At the same time, what we do everyday with a smaller staff as we do is pretty remarkable. So I think there is something to the notion of less people doing more.

There are also more outlets for work in terms of work that’s different and that’s exciting.

OJR: As the generation that’s used to the structured evening news format gets older and older and continues to shrink, are we going to start seeing some of these webcast techniques making their way into the evening news?

Samuels: I think it will over time. When you have a 20-year-old stringer in Islamabad doing your report it’s not going to look like Brian Williams. I am of the mind that younger people are more able to appreciate a raw unpolished news pieces. They are used to homemade videos on YouTube. YouTube is big because it’s not the polished sitcom stuff that’s on the network. It’s raw, it’s shaky video, it’s … its real, it’s gritty and I think that appeals to younger viewers.

When I took the job, I asked myself whether the anchor, Charlie Gibson, was the right man for the job for the younger audience? I have been so pleased with how he embraces the show. He values the show and he gets what we are trying to do. We don’t have him be anything other than what he is which is a very intelligent, passionate. He is not trying to pretend like he is young and hip. But the content of the show is different and he embraces that.

There are plenty of days where he will see something on the webcast and he will put it on the newscast. That has happened more than once.

I think in many ways we are almost a breeding ground, an experiment, if you will, to see what might work going forward for the news division.

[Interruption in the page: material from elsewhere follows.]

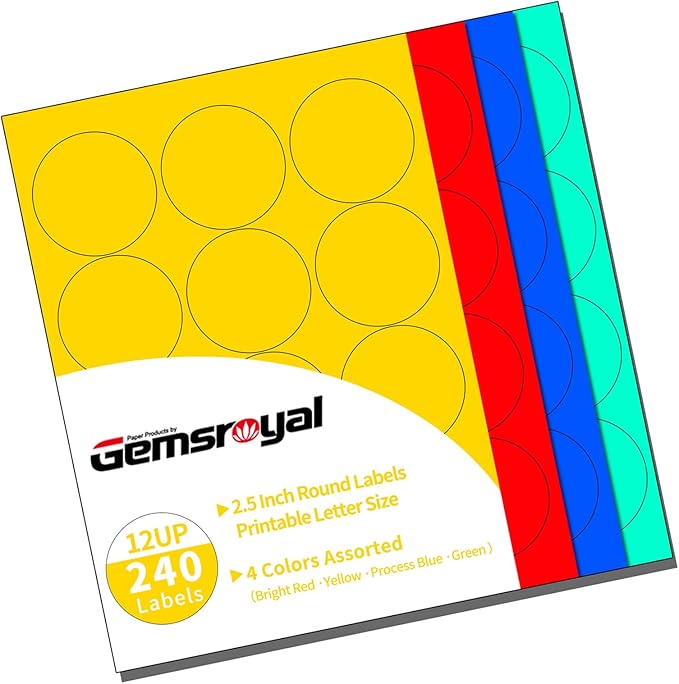 2.5 Inch Colored Round Labels,4 Colors Assorted(Red,Yellow,Blue,Green),20 Sheets,240 Tags in Total,Color Coding Labels for Laser/Inkjet Printers,2.5" Colorful Dot Stickers,Letter Size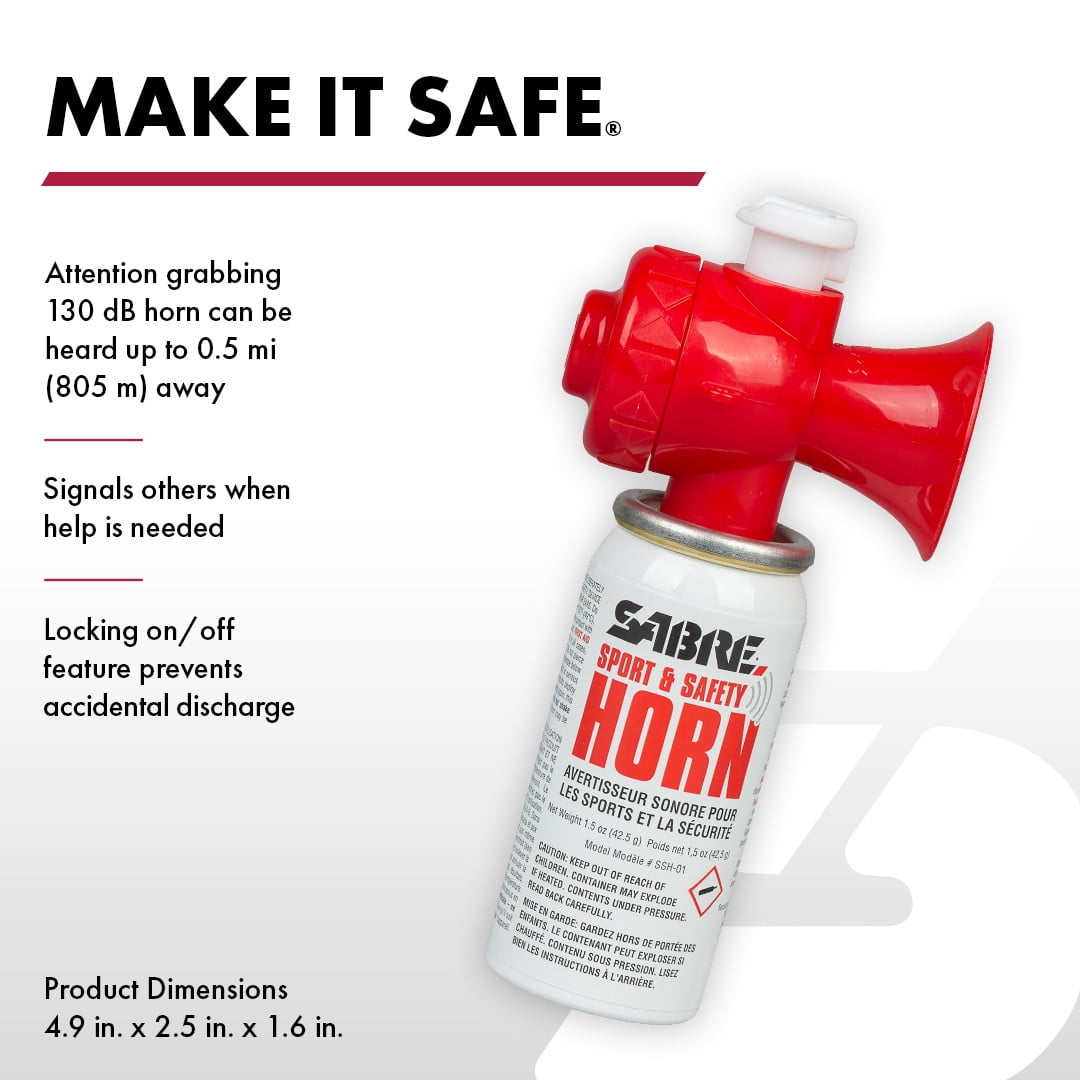 SABRE Compact Sport and Safety Horn, 130dB Loud Audible Alarm for Outdoor Recreation (White, 1.5 oz) o4r72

Reconceiving storytelling at the Associated Press

Ted Anthony has played many roles for The Associated Press, from national correspondent to China news editor. Most recently in 2005, the AP tapped him to be the founding editor of asap, its multimedia news portal. Still, he says he considers himself, first and foremost, a writer—even publishing a book this month titled “Chasing the Rising Sun: The Journey of an American Song.”

Given the AP’s proven formula for writing breaking news articles, I spoke to Anthony about how this over 150-year-old news cooperative’s youngest division is tackling multimedia storytelling, how the asap has changed over the past two years, and what skills multimedia journalists need in the AP universe.

OJR: What were some of the initial goals of asap when it was launched and how have those goals evolved?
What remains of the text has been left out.